Task requirements:
The material below contains a line with "Ｖ６０ ドライブｅ　当店買取" and a line with "image for item". Copy exactly those two lines and all lines between them.

Entries shown:
>>>
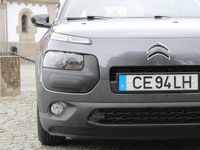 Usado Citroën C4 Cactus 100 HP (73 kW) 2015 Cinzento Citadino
<<<
>>>
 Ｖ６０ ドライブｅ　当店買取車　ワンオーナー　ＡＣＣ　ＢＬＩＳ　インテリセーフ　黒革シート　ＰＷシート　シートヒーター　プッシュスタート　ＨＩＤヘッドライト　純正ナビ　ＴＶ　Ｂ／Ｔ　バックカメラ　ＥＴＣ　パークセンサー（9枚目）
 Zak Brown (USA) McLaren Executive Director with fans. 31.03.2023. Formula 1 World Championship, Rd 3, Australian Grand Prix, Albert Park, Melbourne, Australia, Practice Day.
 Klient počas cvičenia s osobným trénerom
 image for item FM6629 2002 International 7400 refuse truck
<<<
>>>
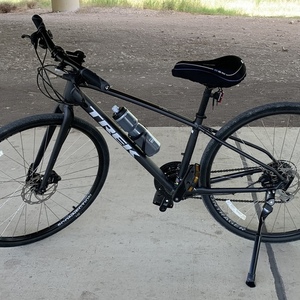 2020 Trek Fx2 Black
<<<
Response to this task:
 Ｖ６０ ドライブｅ　当店買取車　ワンオーナー　ＡＣＣ　ＢＬＩＳ　インテリセーフ　黒革シート　ＰＷシート　シートヒーター　プッシュスタート　ＨＩＤヘッドライト　純正ナビ　ＴＶ　Ｂ／Ｔ　バックカメラ　ＥＴＣ　パークセンサー（9枚目）
 Zak Brown (USA) McLaren Executive Director with fans. 31.03.2023. Formula 1 World Championship, Rd 3, Australian Grand Prix, Albert Park, Melbourne, Australia, Practice Day.
 Klient počas cvičenia s osobným trénerom
 image for item FM6629 2002 International 7400 refuse truck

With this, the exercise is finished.